* **Task item**
Search the data for the word "Square" and copy each line that has it.

╭─ Material for the task

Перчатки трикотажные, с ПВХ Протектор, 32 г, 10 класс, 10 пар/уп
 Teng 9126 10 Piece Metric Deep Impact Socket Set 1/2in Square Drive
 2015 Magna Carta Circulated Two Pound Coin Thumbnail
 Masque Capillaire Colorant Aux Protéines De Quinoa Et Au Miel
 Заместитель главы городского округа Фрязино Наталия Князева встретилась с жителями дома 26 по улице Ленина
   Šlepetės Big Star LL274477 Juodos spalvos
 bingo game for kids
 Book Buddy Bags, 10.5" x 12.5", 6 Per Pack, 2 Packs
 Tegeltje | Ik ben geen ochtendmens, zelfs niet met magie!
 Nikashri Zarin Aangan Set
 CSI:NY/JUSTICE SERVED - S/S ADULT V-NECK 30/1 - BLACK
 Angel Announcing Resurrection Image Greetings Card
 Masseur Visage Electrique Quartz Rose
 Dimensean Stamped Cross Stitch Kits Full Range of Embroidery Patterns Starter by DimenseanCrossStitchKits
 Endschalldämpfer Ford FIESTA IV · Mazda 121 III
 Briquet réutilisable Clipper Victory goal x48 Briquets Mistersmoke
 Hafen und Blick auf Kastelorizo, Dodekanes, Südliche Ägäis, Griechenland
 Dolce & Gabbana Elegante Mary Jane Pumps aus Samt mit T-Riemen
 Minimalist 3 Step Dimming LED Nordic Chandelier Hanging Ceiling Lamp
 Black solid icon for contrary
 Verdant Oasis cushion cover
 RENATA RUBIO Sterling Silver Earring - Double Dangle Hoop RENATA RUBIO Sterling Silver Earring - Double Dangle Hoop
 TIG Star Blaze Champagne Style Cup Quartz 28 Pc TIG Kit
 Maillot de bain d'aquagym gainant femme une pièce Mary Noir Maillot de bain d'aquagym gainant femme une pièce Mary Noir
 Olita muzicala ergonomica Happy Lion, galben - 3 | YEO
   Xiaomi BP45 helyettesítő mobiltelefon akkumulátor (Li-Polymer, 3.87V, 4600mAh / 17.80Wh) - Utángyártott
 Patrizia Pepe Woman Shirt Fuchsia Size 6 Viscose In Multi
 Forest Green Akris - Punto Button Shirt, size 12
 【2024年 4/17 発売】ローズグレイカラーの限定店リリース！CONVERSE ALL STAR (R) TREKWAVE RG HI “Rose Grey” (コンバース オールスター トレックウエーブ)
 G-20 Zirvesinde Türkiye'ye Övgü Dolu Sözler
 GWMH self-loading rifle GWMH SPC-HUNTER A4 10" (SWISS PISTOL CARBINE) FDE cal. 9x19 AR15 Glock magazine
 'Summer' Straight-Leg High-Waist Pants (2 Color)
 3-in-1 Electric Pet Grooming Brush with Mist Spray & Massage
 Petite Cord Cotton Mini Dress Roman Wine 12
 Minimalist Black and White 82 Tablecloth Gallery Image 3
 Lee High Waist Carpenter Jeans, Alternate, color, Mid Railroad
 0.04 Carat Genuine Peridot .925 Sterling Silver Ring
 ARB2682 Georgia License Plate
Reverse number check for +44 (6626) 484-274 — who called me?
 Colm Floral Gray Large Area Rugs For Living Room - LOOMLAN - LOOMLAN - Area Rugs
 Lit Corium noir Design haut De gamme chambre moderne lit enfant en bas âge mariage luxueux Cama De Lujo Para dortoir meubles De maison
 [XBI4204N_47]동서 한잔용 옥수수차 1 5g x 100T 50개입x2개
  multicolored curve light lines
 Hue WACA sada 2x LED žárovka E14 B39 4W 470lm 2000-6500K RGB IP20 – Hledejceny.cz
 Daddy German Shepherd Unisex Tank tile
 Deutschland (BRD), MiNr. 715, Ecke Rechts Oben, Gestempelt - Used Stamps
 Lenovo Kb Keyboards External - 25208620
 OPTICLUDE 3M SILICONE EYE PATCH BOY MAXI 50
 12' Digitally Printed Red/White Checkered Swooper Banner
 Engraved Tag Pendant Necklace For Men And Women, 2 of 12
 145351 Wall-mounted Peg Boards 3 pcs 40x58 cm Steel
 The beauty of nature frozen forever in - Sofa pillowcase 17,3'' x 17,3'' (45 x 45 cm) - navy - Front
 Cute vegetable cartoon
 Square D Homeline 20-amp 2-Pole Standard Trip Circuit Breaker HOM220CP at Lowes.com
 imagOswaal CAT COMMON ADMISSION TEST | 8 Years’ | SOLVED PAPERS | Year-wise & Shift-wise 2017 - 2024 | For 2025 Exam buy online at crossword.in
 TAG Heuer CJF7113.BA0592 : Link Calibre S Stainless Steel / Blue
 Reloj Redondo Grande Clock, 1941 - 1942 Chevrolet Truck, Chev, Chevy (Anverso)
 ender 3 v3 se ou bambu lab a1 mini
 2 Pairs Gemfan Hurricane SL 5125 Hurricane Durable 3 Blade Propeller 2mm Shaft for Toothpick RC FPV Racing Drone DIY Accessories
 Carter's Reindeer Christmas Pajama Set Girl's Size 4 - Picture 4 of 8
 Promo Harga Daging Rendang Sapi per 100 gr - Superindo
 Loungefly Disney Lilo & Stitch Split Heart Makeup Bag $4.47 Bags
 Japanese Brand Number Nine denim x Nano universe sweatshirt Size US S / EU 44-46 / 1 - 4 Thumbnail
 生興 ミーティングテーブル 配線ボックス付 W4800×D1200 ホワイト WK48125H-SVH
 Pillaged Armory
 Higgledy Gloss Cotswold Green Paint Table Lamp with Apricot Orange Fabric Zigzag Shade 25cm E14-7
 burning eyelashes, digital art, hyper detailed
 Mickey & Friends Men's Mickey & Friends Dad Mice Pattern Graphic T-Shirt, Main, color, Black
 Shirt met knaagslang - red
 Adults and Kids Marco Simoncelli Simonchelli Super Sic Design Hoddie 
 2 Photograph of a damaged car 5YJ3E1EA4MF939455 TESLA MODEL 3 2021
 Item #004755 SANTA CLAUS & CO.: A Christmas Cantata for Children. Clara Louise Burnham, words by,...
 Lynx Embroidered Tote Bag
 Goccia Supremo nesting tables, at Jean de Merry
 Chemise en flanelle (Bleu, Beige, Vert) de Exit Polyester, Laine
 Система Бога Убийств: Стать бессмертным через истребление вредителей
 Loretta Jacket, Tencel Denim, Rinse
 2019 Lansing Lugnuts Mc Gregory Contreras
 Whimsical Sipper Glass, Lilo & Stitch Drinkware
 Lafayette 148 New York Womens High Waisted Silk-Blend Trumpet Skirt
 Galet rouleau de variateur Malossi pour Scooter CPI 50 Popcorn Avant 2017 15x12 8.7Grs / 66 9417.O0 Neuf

╰─

* **Answer to this exercise**
 Teng 9126 10 Piece Metric Deep Impact Socket Set 1/2in Square Drive
 Square D Homeline 20-amp 2-Pole Standard Trip Circuit Breaker HOM220CP at Lowes.com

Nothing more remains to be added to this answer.